Data under study section start

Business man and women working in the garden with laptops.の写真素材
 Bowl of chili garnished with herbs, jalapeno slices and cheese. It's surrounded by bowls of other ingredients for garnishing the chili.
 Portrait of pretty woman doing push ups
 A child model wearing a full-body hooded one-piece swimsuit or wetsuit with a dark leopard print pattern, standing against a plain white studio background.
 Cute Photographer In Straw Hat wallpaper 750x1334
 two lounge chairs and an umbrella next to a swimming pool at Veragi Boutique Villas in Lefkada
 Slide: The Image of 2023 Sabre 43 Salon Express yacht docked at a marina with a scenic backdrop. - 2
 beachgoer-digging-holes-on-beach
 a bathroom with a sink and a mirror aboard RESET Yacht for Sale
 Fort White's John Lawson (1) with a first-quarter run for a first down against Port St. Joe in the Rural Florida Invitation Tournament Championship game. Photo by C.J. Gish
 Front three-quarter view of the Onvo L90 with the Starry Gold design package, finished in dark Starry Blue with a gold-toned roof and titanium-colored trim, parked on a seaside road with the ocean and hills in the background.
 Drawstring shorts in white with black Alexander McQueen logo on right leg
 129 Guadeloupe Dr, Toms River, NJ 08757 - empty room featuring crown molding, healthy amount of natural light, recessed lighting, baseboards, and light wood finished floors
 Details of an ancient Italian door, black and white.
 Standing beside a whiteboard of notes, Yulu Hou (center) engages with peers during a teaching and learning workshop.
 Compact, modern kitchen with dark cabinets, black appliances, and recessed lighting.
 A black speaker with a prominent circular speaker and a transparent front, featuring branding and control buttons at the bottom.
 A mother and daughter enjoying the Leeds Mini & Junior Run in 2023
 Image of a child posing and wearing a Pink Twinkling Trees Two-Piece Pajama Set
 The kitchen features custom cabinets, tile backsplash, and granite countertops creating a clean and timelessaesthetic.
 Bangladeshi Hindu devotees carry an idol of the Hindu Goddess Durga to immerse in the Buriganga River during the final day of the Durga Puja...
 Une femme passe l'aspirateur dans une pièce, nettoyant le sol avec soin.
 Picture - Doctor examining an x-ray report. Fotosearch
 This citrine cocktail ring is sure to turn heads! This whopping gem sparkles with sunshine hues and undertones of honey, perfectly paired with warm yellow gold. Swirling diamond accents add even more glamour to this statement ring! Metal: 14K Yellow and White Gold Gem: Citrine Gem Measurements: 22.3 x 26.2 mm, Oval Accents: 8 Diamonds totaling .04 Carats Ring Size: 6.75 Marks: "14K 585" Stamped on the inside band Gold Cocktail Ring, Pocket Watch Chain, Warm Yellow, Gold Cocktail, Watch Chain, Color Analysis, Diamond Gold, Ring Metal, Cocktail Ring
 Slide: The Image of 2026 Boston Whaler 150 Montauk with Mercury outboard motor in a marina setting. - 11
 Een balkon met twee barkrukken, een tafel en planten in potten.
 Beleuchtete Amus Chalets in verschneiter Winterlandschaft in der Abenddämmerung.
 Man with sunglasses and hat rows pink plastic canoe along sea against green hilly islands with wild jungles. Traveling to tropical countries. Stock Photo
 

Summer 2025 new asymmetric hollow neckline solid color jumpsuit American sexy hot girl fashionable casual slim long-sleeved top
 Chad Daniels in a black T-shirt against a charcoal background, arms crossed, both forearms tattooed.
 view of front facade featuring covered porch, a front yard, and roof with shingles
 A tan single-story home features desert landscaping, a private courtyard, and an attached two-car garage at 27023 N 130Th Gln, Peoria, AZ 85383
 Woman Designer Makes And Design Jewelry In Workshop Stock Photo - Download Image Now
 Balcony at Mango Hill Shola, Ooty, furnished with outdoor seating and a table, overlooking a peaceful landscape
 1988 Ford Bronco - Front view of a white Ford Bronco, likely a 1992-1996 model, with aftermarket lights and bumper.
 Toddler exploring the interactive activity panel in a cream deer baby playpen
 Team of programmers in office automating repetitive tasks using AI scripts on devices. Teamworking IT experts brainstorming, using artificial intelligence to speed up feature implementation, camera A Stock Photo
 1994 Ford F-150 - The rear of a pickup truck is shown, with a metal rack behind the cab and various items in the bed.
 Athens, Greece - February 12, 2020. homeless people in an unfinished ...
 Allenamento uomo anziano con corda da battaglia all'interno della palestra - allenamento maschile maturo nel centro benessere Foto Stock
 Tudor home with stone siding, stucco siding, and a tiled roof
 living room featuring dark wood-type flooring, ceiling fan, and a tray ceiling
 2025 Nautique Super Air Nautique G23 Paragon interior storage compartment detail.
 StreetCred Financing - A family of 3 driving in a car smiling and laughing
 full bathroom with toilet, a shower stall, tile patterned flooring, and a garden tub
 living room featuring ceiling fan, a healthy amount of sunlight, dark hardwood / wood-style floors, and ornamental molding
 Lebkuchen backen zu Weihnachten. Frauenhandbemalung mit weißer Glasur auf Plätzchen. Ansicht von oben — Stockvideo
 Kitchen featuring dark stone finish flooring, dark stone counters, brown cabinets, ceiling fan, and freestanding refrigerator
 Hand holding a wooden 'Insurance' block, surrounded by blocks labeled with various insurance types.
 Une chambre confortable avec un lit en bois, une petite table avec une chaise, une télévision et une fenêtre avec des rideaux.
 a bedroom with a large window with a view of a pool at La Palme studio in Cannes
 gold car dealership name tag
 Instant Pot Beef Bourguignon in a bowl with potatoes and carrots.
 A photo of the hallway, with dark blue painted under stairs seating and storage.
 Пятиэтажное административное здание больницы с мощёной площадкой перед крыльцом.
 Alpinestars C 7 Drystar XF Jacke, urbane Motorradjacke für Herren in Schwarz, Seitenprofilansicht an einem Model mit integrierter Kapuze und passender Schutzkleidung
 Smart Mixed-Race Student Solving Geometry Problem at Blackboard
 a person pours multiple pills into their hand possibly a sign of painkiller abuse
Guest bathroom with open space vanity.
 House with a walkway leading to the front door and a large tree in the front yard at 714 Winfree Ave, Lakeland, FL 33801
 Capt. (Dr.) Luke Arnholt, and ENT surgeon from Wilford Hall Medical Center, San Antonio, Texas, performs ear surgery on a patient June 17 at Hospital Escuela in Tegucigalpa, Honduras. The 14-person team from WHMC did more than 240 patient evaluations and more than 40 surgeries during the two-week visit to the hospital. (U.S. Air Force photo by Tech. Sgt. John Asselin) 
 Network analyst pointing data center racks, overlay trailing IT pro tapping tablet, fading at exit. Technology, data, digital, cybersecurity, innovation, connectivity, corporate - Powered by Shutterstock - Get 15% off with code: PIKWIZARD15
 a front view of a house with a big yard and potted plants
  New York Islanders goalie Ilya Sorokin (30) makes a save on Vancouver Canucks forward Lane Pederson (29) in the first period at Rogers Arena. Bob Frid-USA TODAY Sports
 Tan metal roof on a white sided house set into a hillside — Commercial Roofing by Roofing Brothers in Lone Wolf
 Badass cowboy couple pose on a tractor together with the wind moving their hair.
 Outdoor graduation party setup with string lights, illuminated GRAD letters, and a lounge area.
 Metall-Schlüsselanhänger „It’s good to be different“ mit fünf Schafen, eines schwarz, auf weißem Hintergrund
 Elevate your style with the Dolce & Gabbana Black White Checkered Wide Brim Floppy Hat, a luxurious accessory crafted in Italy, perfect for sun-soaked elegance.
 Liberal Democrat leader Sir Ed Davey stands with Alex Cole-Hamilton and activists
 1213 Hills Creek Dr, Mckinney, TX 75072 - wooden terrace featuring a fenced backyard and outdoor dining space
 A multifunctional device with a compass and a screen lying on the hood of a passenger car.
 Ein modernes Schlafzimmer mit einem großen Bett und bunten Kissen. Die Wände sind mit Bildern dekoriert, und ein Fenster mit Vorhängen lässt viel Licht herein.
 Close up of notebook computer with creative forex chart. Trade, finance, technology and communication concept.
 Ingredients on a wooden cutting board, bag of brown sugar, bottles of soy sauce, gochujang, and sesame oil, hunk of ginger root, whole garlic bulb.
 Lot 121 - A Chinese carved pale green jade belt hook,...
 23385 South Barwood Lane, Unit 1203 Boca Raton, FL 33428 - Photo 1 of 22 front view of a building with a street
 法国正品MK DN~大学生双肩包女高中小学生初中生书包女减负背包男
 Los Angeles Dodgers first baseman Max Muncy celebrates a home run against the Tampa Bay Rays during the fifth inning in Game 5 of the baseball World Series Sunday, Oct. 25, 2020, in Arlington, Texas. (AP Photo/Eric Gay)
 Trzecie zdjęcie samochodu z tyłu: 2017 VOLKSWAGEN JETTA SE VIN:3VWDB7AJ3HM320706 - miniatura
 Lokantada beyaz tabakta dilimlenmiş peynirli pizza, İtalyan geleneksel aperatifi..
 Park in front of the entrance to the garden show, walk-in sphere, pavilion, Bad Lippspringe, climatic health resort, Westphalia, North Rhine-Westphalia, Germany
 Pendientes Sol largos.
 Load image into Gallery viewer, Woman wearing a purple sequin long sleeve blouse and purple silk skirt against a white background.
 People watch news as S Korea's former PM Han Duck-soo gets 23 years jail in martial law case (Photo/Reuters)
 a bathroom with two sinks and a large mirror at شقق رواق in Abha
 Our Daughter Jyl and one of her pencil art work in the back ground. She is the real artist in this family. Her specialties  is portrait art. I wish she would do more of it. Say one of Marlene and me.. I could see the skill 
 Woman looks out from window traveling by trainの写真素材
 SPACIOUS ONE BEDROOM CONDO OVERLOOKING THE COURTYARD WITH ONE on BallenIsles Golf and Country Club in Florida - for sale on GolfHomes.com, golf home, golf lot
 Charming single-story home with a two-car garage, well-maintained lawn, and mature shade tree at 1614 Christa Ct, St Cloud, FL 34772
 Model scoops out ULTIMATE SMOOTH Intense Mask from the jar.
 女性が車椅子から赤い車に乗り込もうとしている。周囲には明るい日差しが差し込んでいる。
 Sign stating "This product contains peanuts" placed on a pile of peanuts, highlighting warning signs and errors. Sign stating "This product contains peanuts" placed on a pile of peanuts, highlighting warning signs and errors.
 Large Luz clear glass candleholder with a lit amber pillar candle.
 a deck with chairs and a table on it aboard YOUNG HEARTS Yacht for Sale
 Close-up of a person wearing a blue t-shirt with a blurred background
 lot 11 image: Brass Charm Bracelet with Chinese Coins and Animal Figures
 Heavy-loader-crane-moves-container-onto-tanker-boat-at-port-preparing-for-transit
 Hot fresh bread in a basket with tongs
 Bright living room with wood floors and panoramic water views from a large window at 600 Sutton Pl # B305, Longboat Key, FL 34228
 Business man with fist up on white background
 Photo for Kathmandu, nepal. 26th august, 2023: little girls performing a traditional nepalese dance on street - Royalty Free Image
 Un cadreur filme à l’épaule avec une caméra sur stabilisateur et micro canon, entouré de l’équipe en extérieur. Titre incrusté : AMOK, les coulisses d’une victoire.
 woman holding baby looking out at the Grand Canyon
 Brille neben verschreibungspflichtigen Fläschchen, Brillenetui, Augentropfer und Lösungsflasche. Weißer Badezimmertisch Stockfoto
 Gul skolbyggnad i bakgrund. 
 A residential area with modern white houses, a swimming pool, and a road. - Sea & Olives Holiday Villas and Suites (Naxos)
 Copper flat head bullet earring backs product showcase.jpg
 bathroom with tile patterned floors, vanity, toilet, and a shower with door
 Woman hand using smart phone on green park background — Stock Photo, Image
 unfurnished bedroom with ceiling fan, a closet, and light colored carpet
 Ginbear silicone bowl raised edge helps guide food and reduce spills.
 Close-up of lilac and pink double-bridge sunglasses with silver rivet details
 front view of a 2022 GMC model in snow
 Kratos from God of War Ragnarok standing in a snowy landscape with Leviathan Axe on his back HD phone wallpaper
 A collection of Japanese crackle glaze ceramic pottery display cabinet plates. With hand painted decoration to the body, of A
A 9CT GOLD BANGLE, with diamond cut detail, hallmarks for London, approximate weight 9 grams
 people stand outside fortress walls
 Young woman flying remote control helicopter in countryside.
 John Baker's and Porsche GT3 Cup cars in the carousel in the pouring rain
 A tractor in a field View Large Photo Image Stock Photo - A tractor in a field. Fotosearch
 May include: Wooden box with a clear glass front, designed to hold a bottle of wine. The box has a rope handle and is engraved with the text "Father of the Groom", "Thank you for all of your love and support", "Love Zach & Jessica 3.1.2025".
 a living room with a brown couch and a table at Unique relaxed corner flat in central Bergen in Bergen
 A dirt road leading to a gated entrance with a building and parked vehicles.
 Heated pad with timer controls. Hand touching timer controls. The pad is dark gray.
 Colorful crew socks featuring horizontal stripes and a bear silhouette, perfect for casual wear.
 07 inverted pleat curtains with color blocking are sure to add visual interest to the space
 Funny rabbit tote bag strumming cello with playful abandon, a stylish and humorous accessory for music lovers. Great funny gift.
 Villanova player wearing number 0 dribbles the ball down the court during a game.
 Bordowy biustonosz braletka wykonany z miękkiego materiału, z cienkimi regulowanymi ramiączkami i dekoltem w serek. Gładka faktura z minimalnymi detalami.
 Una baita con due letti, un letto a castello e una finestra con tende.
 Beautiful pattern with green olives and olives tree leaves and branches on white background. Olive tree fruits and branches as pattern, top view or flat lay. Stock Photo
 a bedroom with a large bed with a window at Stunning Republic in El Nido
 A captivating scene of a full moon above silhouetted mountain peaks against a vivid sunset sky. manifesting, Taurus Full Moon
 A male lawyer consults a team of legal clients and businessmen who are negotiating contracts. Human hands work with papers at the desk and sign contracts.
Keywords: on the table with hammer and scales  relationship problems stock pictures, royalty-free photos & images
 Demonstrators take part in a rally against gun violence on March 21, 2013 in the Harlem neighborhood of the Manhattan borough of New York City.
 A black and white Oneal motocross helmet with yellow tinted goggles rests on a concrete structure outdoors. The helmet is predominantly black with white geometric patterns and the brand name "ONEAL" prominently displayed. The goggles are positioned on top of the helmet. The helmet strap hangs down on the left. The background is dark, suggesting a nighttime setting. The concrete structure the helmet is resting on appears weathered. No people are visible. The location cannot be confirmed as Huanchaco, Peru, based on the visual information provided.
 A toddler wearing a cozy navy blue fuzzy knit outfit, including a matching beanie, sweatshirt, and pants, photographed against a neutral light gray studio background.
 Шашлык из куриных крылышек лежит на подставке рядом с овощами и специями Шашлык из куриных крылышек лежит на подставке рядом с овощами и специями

Data under study section end

▶ Work required:
Please show every line of the records that holds the word "gray".

▶ Exercise output:
 Heated pad with timer controls. Hand touching timer controls. The pad is dark gray.
 A toddler wearing a cozy navy blue fuzzy knit outfit, including a matching beanie, sweatshirt, and pants, photographed against a neutral light gray studio background.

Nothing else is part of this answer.